Once your new canonical value is wired:

  1. Run pytest. The contract tests (tests/test_dataset_contract.py) don't enumerate transfer_type values, so they'll pass without changes. But if you extended a type-scoped exception check's WHERE clause via an L2 update, the contract test for that dataset will catch any column-shape drift.
  2. Seed a few demo rows for the new type. Add a generator branch in your L2 instance's auto-scenario module that emits a handful of transfer_type = 'repo' rows. The TestScenarioCoverage pattern in the demo-data tests (see CLAUDE.md "Demo Data Conventions") makes this a one-line assertion: ≥N rows of the new type. Without demo coverage, the dashboard "works" but the new value's visual treatment never gets exercised in the e2e tests.

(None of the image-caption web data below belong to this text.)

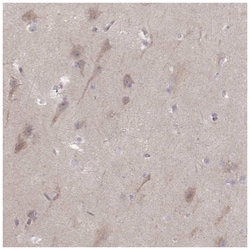 Kir3.3 Antibody, Novus Biologicals 25 &mu;L, Unlabeled:Antibodies, Polyclonal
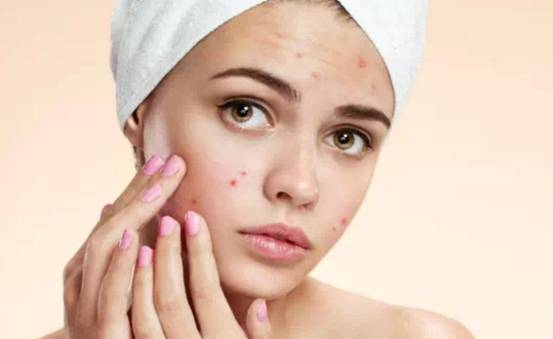 一直长痘留疤怎么办,长痘留疤怎么恢复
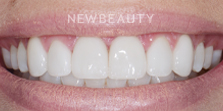 Dr. Nathan Hoffman - Teeth Whitening & Veneers - After
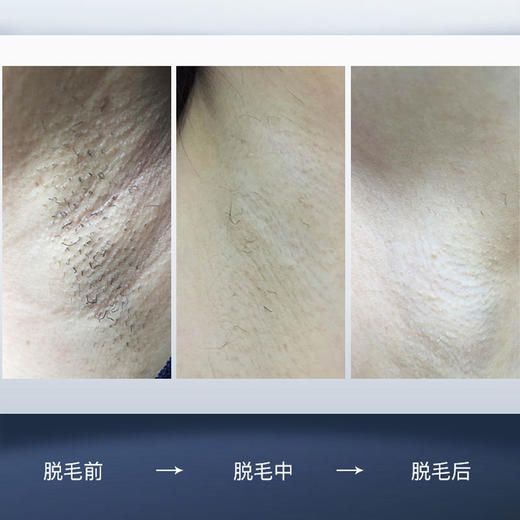 英国慕金Smoothskinmuse冰点激光脱毛仪器家用光子私处脱毛仪 [福利品] 商品图3
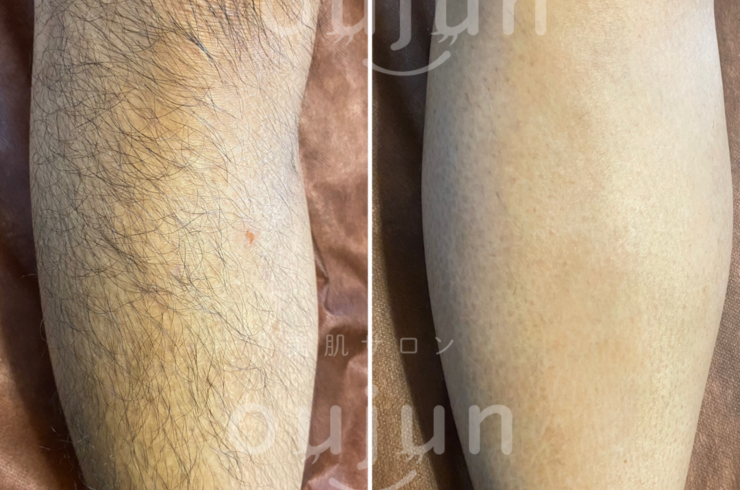 1A19C533-B5B8-4ACA-81BA-C465E84CE332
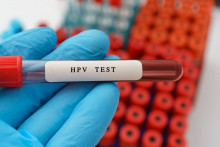 HPV vírus ohrozuje nie len ženy, ale aj mužov.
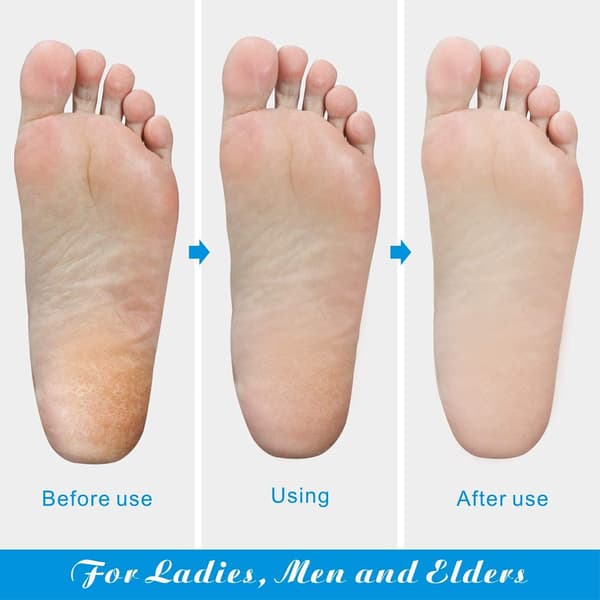 Kolossal Foot File och Foot Callus Remover
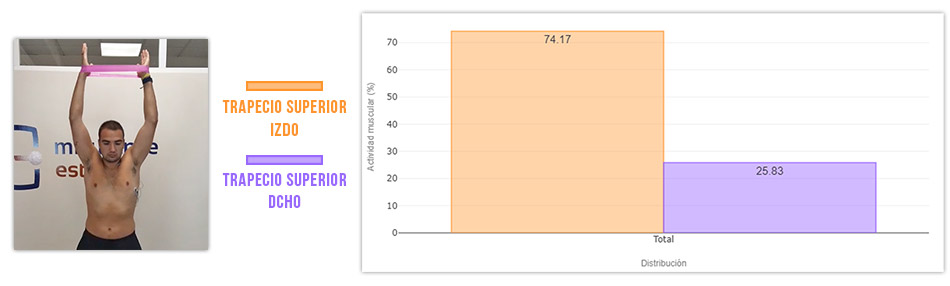 comparativa trapecio superior izquierdo con dererecho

  3. Re-deploy. Chain quicksight-gen schema apply -c config.yaml --execute && quicksight-gen data apply -c config.yaml --execute && quicksight-gen data refresh -c config.yaml --execute to rewrite seed data, then quicksight-gen json apply -c config.yaml -o out/ --execute to push the schema and dashboard changes. The new value appears in the Transfer Type filter dropdown on the first dashboard refresh.